Uma elaboração que avançou através da discussão e da experiência, e que pode ser assim resumida: o Programa da 4ª Internacional foi confirmado pela História; logo, ele é a base para a construção do Partido revolucionário. Mas, perante a terrível crise de Direcção, o Programa não pode ser um ultimato dirigido aos que querem combater o imperialismo. Sobre a base do internacionalismo e da independência de classe, é preciso criar – em pé de igualdade com outros militantes – um quadro comum para o combate pelo socialismo.

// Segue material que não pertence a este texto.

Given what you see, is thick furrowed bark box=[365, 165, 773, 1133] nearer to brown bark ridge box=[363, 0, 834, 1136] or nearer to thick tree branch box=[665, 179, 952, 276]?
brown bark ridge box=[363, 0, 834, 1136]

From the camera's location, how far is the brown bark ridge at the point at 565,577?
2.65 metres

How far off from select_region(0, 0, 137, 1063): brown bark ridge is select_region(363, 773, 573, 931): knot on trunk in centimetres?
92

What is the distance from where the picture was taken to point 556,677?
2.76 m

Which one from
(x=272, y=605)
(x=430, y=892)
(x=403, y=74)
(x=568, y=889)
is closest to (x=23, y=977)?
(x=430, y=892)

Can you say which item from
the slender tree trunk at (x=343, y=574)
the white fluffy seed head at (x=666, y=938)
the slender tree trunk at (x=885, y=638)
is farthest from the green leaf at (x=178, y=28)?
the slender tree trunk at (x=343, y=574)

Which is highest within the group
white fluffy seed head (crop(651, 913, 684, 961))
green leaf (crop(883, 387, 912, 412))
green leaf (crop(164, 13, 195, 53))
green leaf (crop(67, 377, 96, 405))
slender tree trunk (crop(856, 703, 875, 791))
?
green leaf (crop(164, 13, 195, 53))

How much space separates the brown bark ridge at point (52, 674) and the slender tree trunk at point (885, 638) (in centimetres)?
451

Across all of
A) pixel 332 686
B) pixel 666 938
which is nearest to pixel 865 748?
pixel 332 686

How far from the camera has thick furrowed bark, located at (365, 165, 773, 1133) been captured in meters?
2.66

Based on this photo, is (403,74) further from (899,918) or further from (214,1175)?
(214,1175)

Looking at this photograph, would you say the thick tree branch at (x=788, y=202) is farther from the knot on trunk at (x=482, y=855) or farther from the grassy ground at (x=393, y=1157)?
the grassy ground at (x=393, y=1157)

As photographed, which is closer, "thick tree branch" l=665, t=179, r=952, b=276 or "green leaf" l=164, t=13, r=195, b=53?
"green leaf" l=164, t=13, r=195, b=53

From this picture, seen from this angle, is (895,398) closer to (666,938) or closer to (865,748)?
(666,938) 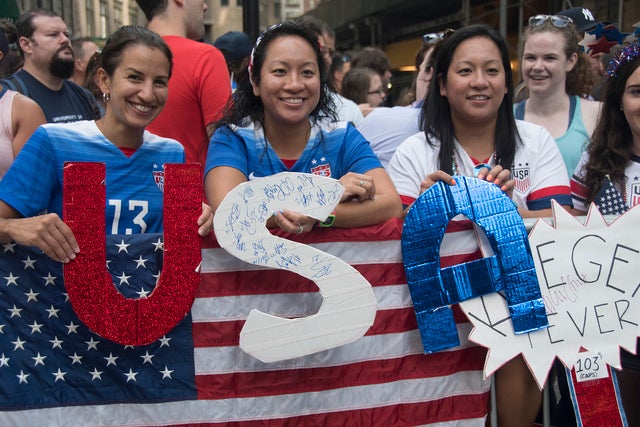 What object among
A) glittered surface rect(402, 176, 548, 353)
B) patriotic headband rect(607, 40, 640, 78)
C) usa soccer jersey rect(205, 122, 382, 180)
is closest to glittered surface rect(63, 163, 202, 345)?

A luta por partidos operários independentes e a criação de um quadro internacional para o debate e a acção contra o imperialismo, além de corresponder a uma necessidade premente, é também uma transição para a construção da 4ª Internacional e das suas secções.

O processo que levou à reproclamação da 4ª Internacional, em 1993, foi alimentado por experiências de construção ou defesa de partidos operários independentes em vários países. Em 1991, na Conferência Mundial Aberta de Barcelona, foi criado o Acordo Internacional dos Trabalhadores e dos Povos (AIT), expressando essa mesma linha da transição, que hoje se prolonga no Comité Internacional de Ligação e de Intercâmbio, criado na Conferência Mundial contra a Guerra e a Exploração, realizada em Argel em 2017. ´

É assim que, passados 82 anos da sua fundação, e no meio da mais brutal crise do capitalismo – acelerada e desnudada pela pandemia do Covid19 – a 4ª Internacional vive e luta!

Artigo de Júlio Turra no jornal “O Trabalho” – cuja publicação é da responsabilidade da Secção brasileira da 4ª Internacional (corrente do Partido dos Trabalhadores) – na sua edição nº 874, de 11 de Setembro de 2020.